Throughout the back-and-forth between the prosecution and defense, I noticed how odd the trial seemed.
Full disclosure, I am not a lawyer, but even still, something about this trial seemed atypical, unbecoming of a murder case. First of all, only a page or so is dedicated to prosecution of criminal activity (87-88). The diversion to non-criminal affairs is imminent around page 87, when the prosecutor “had to turn to some questions that might seem irrelevant to [Meursault’s] case but might in fact have a significant bearing on it,” whereupon Meursault thinks, “I knew right away he was going to talk about Maman again, and at the same time I could feel how much it irritated me” (87). Later on, there is more discussion that is actually relevant when Raymond is called to the stand. He recounts the relationship between the victim, Meursault, and himself. All the same, take note of the following dialogue between the prosecutor and the defense lawyer.

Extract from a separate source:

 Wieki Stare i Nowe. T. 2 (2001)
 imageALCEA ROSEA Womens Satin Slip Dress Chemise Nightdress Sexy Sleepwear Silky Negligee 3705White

Prosecutor: “The same man who the day after his mother died was indulging in the most shameful debauchery killed a man for the most trivial of reasons and did so in order to settle an affair of unspeakable vice” (96).
Defense: “Come now, is my client on trial for burying his mother or for killing a man?” (96).
Prosecutor: “Indeed, I accuse this man of burying his mother with crime in his heart!” (96).
The focus on morals in place of criminal activity makes for a strange trial. What is the crime here? The prosecutor may be reaching towards premeditation in his charges. That would make sense, especially considering Meursault was sentenced to death. Chapter 4 better represents a murder trial. Meursault’s motives are discussed. All told, I just can’t get around this oddity.